Ramblin' Jack Elliott
Sunday, November 25, 2012, 8:00 pm (doors open at 7:00 pm)
folk music legend and national treasure
$24.50 advance / $26.50 at door
Purchase tickets online
November 25 8:00 pm
Ramblin’ Jack Elliott is a national treasure. He met Woody Guthrie in 1950, moved in with the Guthrie family, and traveled with Woody from the redwood forests of California to the Gulf Stream waters of Florida. His deep immersion in Woody’s music led Woody to remark, “Jack sounds more like me than I do.” Bob Dylan describes him this way in his Chronicles: Volume One: “His tone of voice is sharp, focused, and piercing. All that and he plays the guitar effortlessly in a fluid flat-picking perfected style . . . Most folk musicians waited for you to come to them. Jack went out and grabbed you.” He won the Grammy for Best Traditional Folk Album in 1995 and the Grammy for Best Traditional Blues Album in 2009. He won the National Medal of the Arts along the way. Here’s how Johnny Cash introduced him on his TV show back in the day: “Nobody I know – and I mean nobody – has covered more ground and made more friends and sung more songs than the fellow you're about to meet right now. He's got a song and a friend for every mile behind him.
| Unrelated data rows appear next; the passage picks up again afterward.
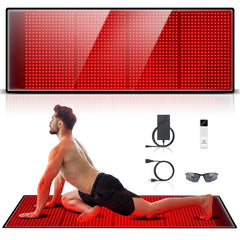 Astarexin red light therapy mat with 1440 LEDs for full-body light exposure.
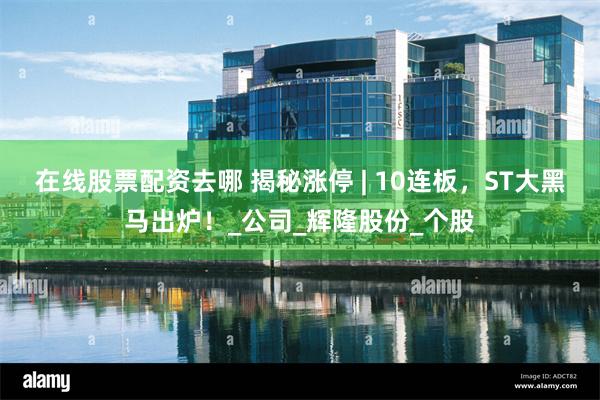 在线股票配资去哪 揭秘涨停 | 10连板，ST大黑马出炉！_公司_辉隆股份_个股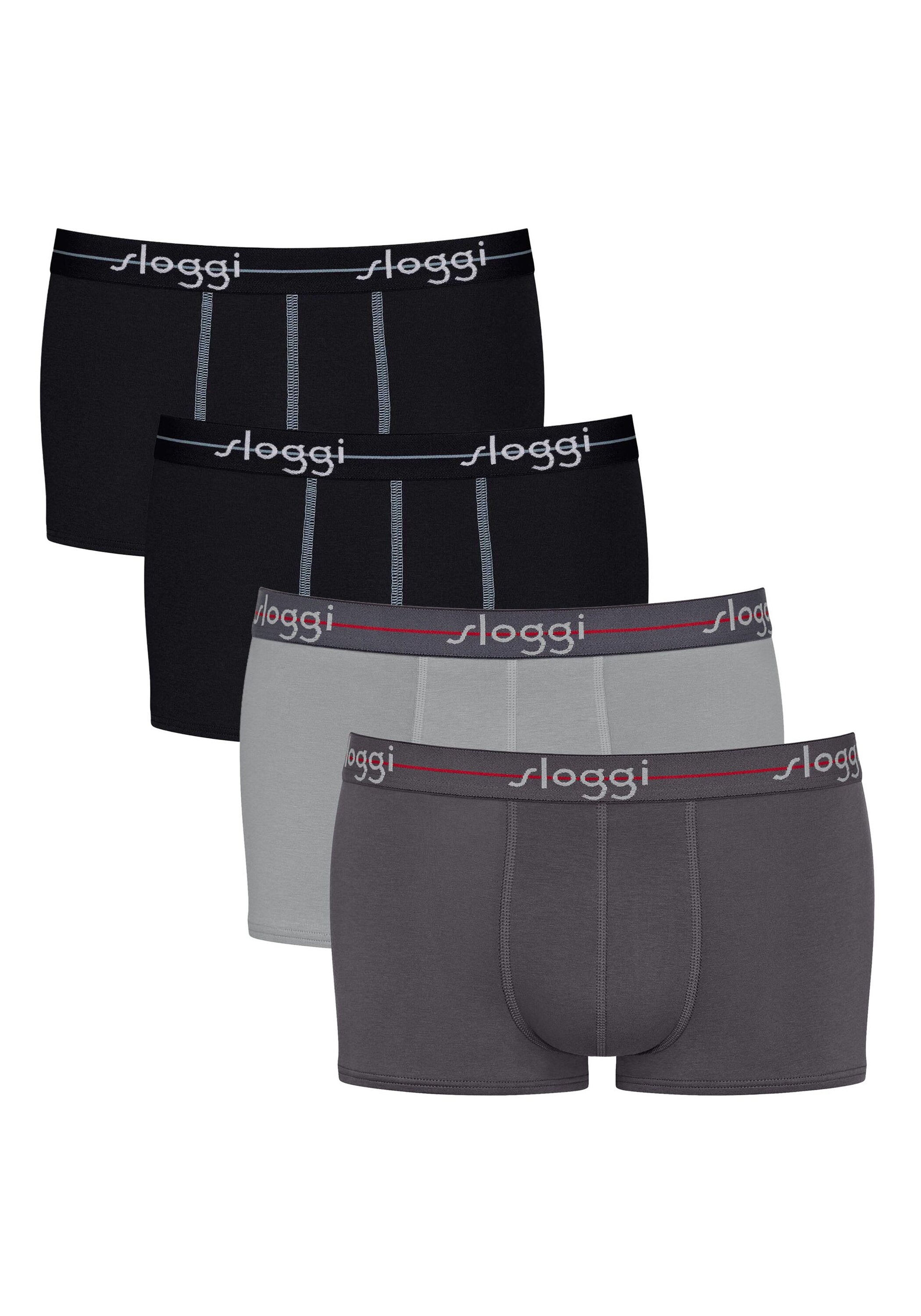 sloggi Boxershorts »Boxershort Start Hipster C4P box 4er Pack«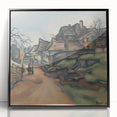 Expressionism Wall Art - Village Pathway by Expressionist Artist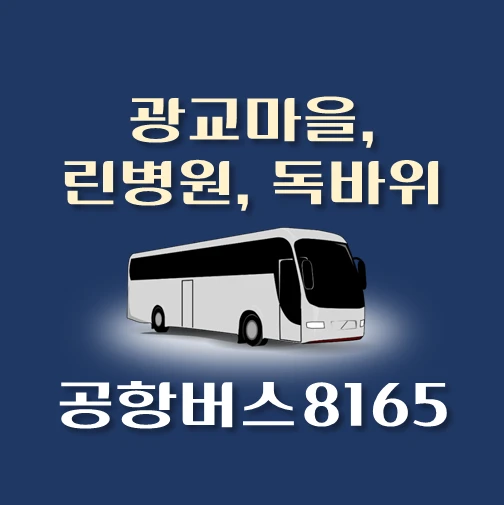 썸네일-공항버스-8165번-광교마을-린병원-독바위-정류장-위치-배차시간-이용요금-안내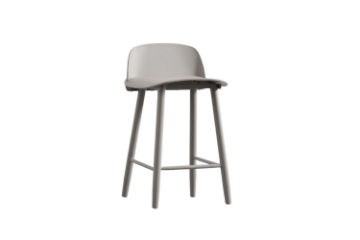 Picture of BECKY Bar Chair (Multiple Colours) - Grey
Say hello to my good buddy, Ramblin’ Jack Elliott.” Tonight is your chance to say hello to Ramblin’ Jack.
David Berkeley plays polished, folk-inflected pop with clever lyrics and a bright, shimmering sound. According to the New York Times, he “sings in a lustrous melancholy voice with shades of Tim Buckley and Nick Drake.” The Boston Globe praises his “emotional story-telling lyrics, charismatic stage presence, and hilarious anecdotes,” and the San Francisco Chronicle calls him a “musical poet.” He has released five albums, including his latest, Some Kind of Cure, recorded in Corsica, and appeared on World Café, Mountain Stage, and This American Life. ASCAP honored him with its prestigious Johnny Mercer Songwriter Award. “Your heart is like a parachute,” he sings, “it opens when you’re falling down.” Not to mention that he was named for the City of Berkeley, where his parents lived before he was born – and now he lives here too.